Optimizing Flask Application Performance
Flask is a lightweight and flexible web framework for building small—to medium-sized applications. It’s commonly used in projects ranging from simple personal blogs to more complex applications, such as REST APIs, SaaS platforms, e-commerce websites, and data-driven dashboards.
However, as your application scales in traffic or grows in complexity, you may begin to notice performance bottlenecks. Whether you’re building a content management system (CMS), an API for a mobile app, or a real-time data visualization tool, optimizing Flask’s performance becomes crucial to delivering a responsive and scalable user experience.

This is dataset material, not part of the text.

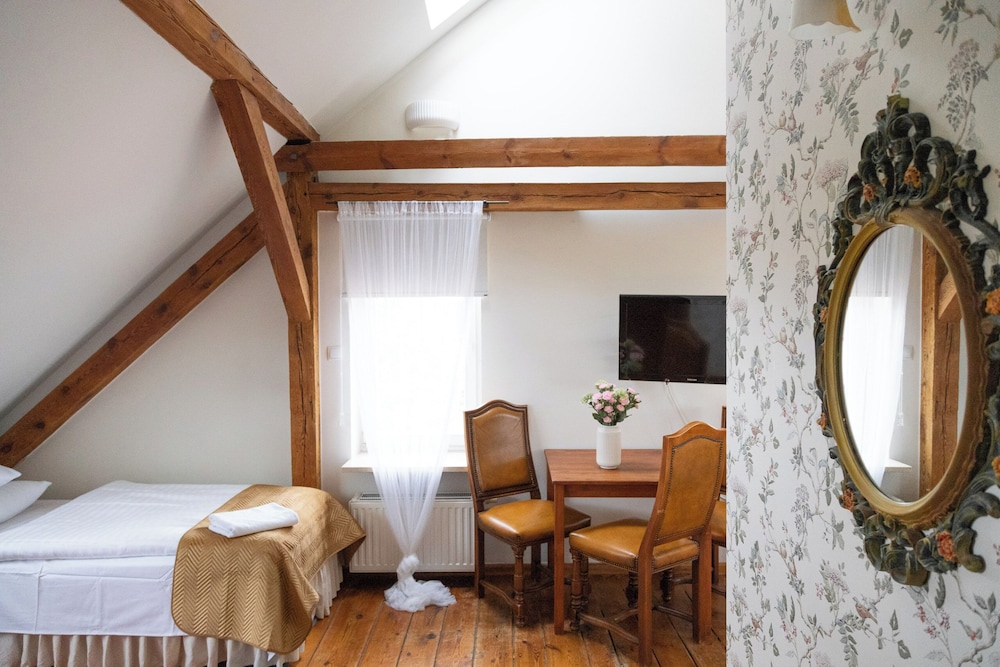 Basic Triple Room photo 1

In this tutorial, you will explore various techniques and best practices to optimize a Flask application’s performance.
Prerequisites
- A server running Ubuntu and a non-root user with sudo privileges and an active firewall. Please ensure to work with a supported version of Ubuntu.
- Familiarity with the Linux command line.
- A basic understanding of Python programming.
- Python 3.7 or higher installed on your Ubuntu system.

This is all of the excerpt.